教師が不登校の生徒に悩んでいるときに読んでほしい本④「ゆっくり休ませる」 の本当の意味を知りたくありませんか?
ゆっくり休ませる の本当の意味を知りたくありませんか?
不登校そのものの話に入っていきます。不登校に関するユーチューブ動画や本などを読んでいますと、「ゆっくり休ませる。」という言葉が何回も出てきますよね。私は当初、その「ゆっくり休ませる。」の意味が分からなかったです。風邪を引いて熱を出しているわけでもない、体力的に疲労があるわけでもないのに、一週間経ち、一ヶ月経ち、それでも家で動画を観ているだけの状態で、これ以上休んだところで何が回復するのだろうか、と思っていました。
また、その次によく出てくる言葉である「エネルギーを貯める。」とは、どういう意味なのかもよく分からなかったです。人間の欲求の階層の中での安心欲求を満たすとは、どういう意味なのだろう、親から見れば、部屋にいたら自分に害を及ぼすようなものは無いわけで、安心かつ安全ではないのか。一体いつまで待てば、それが満たされるのだろうと焦る心が次々に湧いてくるのでした。

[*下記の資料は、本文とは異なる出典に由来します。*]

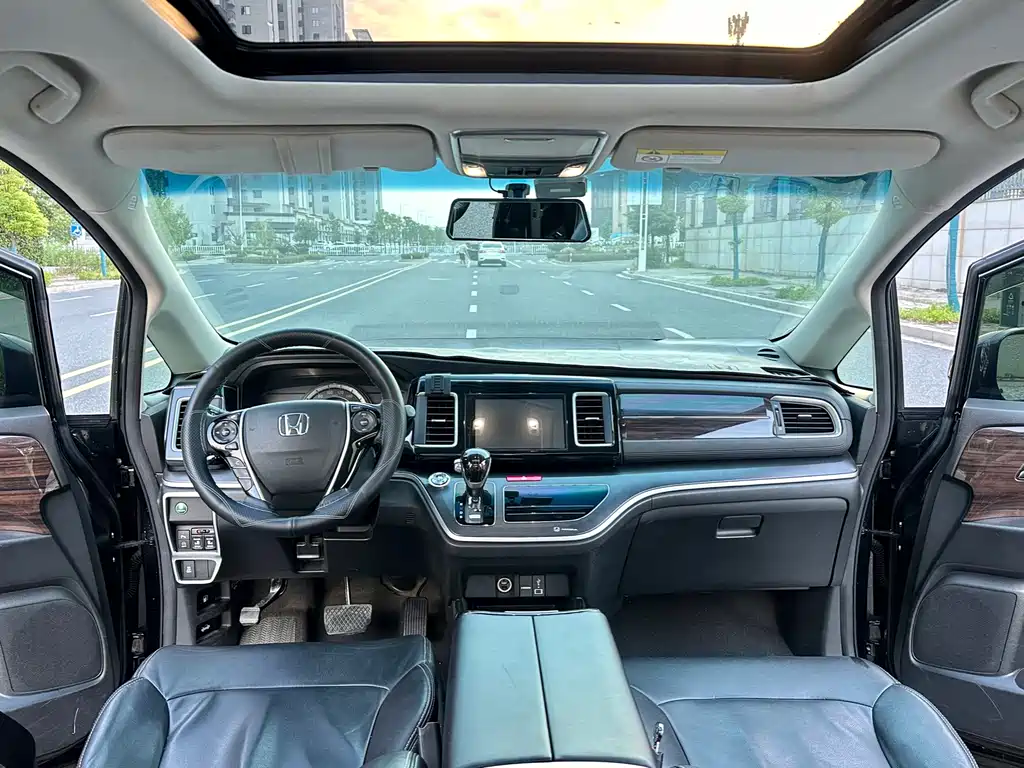 Honda Elysion — миниатюра 7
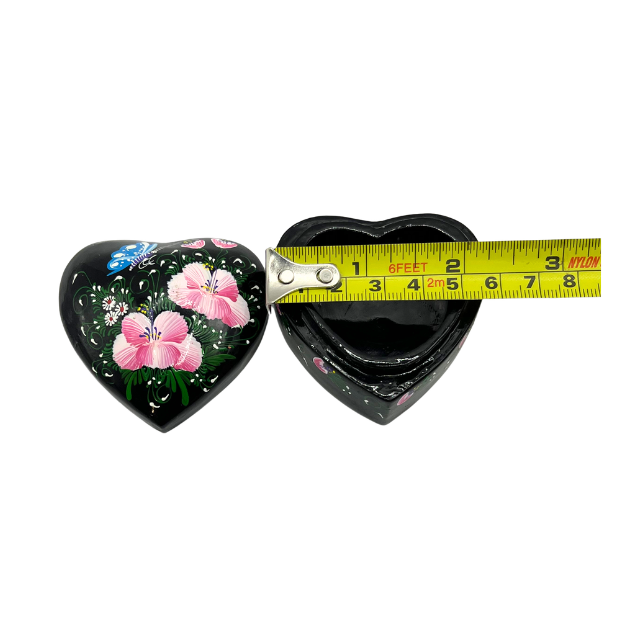 Vtg Black Lacquered Heart Shaped Lidded Trinket Box Hand Painted Made in Thailand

これら「ゆっくり休ませる。」「エネルギーを貯める。」の二つの言葉の意味は、不登校が始まってだいぶ経ってから不登校とはあまり関係のない分野の本を読んでいたときに分かったのでした。その本とは、『精神科医が見つけた3つの幸福』(著者・樺沢紫苑)でした。
この時に気付いた考え方は、今でも役立っていますし、考え方の割と中心にあります。
その考え方とは、人間の幸せには2種類あるということです。この本では、幸せを感じるときに脳内で分泌される脳内物質の違いによって、幸せには種類がある、というものです。
「自分はこうなったら幸せだ。」と人が幸せを想像するとしますと、どんな場面を想像しますか。
長年追いかけ続けた目標が現実のものになって、何かを手に入れたとき歓喜の声を上げる。そんな場面でしょうか。このような、お金、成功、達成、富、名誉、地位などを手に入れたときの幸福をドーパミン的幸福と言います。多くの方が、幸せや夢を何かの達成というイメージに重ね合わせておられるのではないでしょうか。私自身も、特にそういう傾向が強かったと感じています。
一方で、「家族みんなで、こたつに集ってテレビでも観ながらゆっくり団らんしている。」このようなイメージの幸せもありますよね。このような幸せをオキシトシン的幸福と言います。このオキシトシンとは人間関係のつながりと愛、コミュニティへの所属などで感じられる幸福だそうです。がんばらなくても得られる幸福、それがオキシトシン的幸福なのです。いわゆる「まったりする。」がなぜか、リラックスできて楽しい気分になるのは、オキシトシンが分泌されて幸せを感じることができるからです。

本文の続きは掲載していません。